Bo Kimble, Loyola Marymount (No. 8, 1990)
Kimble led the NCAA in scoring with 35.3 points per game in his senior season. He also averaged 7.7 rebounds and 2.9 steals and was named the West Coast Conference Player of the Year and a Second Team All-American. Against stiffer competition in the NBA, though, Kimble lasted three seasons and only averaged 5.5 points.
Jimmer Fredette, BYU (No. 10, 2011)
The 2011 Wooden Award and Naismith Award winner, Fredette was a prolific scorer at BYU. He averaged 28.9 points in his senior season, and he holds a myriad of records in the Mountain West Conference. Fredette is still struggling to find the same success in the league. He had a brief stint with the Phoenix Suns last season, but has only averaged six points throughout his time in the NBA.
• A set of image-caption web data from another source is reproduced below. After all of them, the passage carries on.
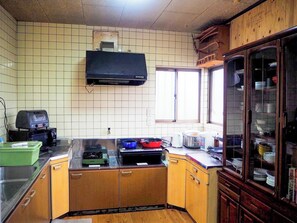 雪櫃、微波爐、爐具、廚房用具/餐具/器皿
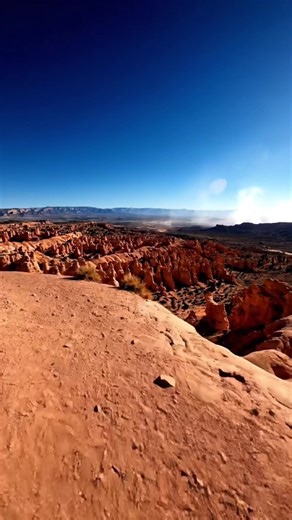 In the United States, this hidden gem in Utah is a whimsical geological wonderland featuring thousands of sandstone hoodoos, labyrinthine canyons, and an otherworldly landscape resembling the surface of Mars. #usa #usa🇺🇸 #usatiktok #usatravel #usahiddengems
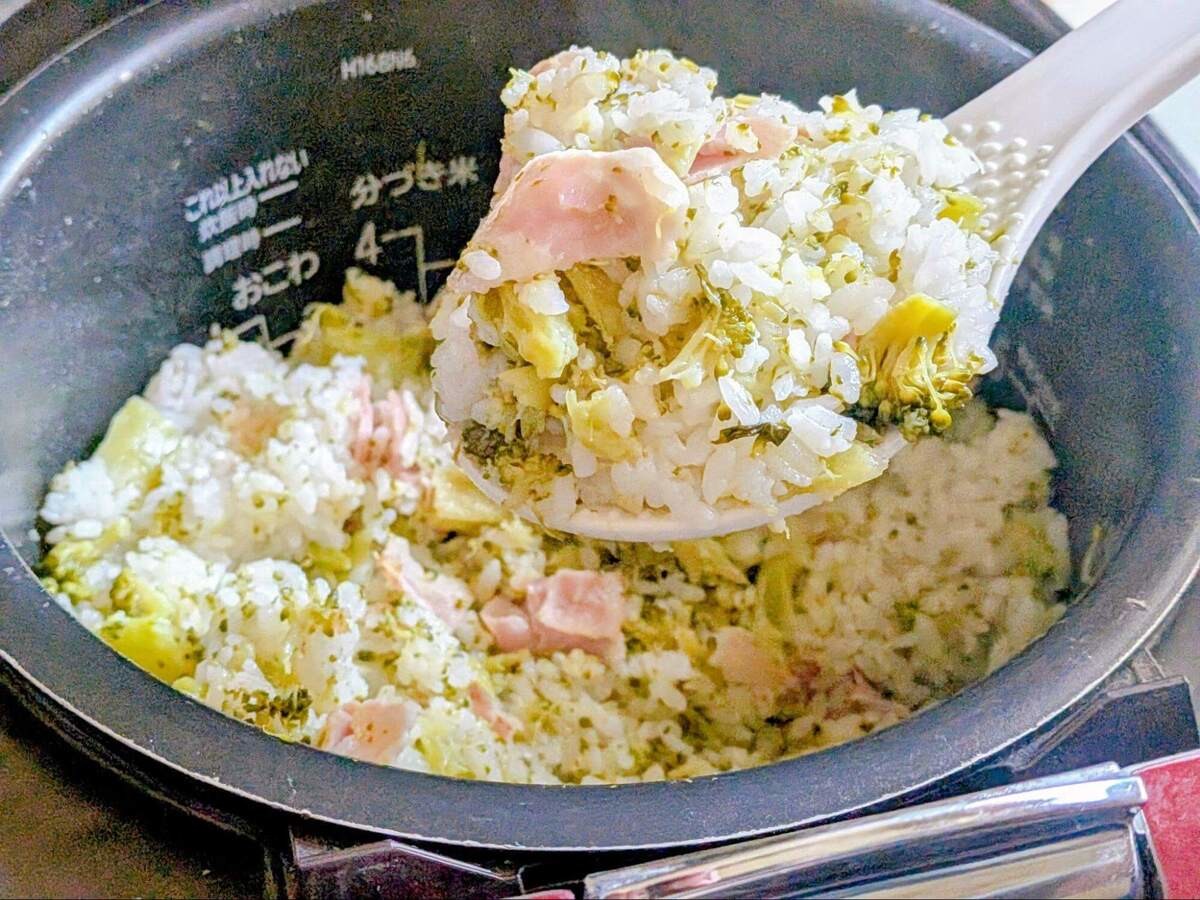 ブロッコリー丸ごと炊き込みご飯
Ed O’Bannon, UCLA (No. 9, 1995)
O’Bannon led UCLA to a national championship as a senior, and he was named the Most Outstanding Player of the tournament. He also won the Wooden Award that season and put up 20.4 points, 8.3 rebounds and 1.9 steals. But in the NBA he played in just 128 games, averaging 16.1 minutes and five points in his career before playing overseas.
Luke Jackson, Oregon (No. 10, 2004)
A Second Team All-American, Jackson put up 21.2 points, 7.2 rebounds and 4.5 assists in his final season at Oregon. He led the Pac-10 in points that season and made First Team All-Conference. Jackson played on four teams in four seasons in the NBA, averaging 9.9 minutes, 3.5 points and 1.2 rebounds.